The rest of the top ten is barely worth mentioning. It Follows managed a sixth place finish, and despite Radius-TWC adding another 437 theaters, the horror title could not keep pace with last weekend. The critically-acclaimed, micro-budgeted release earned $2.5 million, down 35% compared to last weekend despite the uptick in screens. The budget has been reported at $2 million (which seems high), and the film has a gross so far of $8.5 million.
Seventh goes to Woman in Gold, the new film out in limited release from The Weinstein Company. This Helen Mirren/Ryan Reynolds release earned only $2 million, but did it from only 258 venues. It picked up an okay venue average of $7,767, but its 49% fresh rating likely won’t take it much higher than that.
Eighth is Kingman: The Secret Service, which is in its eighth weekend. Kingsman earned another $1.7 million, off 43% compared to last weekend. It brought its domestic total up to $122.3 million, and its worldwide gross has crossed the $330 million mark, which means it has earned more than four times its $81 million budget worldwide.
Ninth is the faith-based drama, Do You Believe?, which is still struggling to reach $10 million despite several weekends of wide release.

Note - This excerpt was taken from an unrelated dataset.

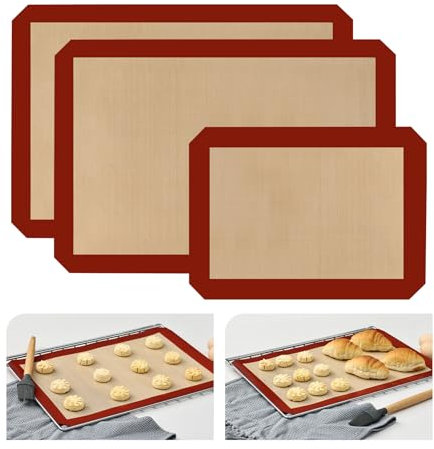 KitchenRaku Set di 3 tappetini da forno in silicone, 29,5 x 42 cm, antiaderente, in silicone, riutilizzabili, senza BPA, rosa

This weekend, the drama earned $1.5 million, dipping 35% compared to last weekend. The Pure Flix release has a take so far of $9.8 million.
Finally in tenth is The Second Best Exotic Marigold Hotel, which despite not tearing the cover off the box office, has seen some real success due to a moderate budget. This weekend, the Dev Patel starrer took in $1 million, off 53%, but brought its domestic take up to $30.1 million. Overseas, it has earned another $40 million, so this sequel that cost only $10 million to make has quietly done quite well.
Overall, thanks to the bruising dominance of Furious 7 and some impressive holdovers, the top 12 joins the top ten biggest top 12’s of all time. The top 12 earned $214.2 million. A year ago, when Captain America: The Winter Soldier opened to $95 million, the top 12 earned $158.9 million. Next weekend, the only opener is The Longest Ride, and as it is a Nicolas Sparks’ adaption, is likely not very good.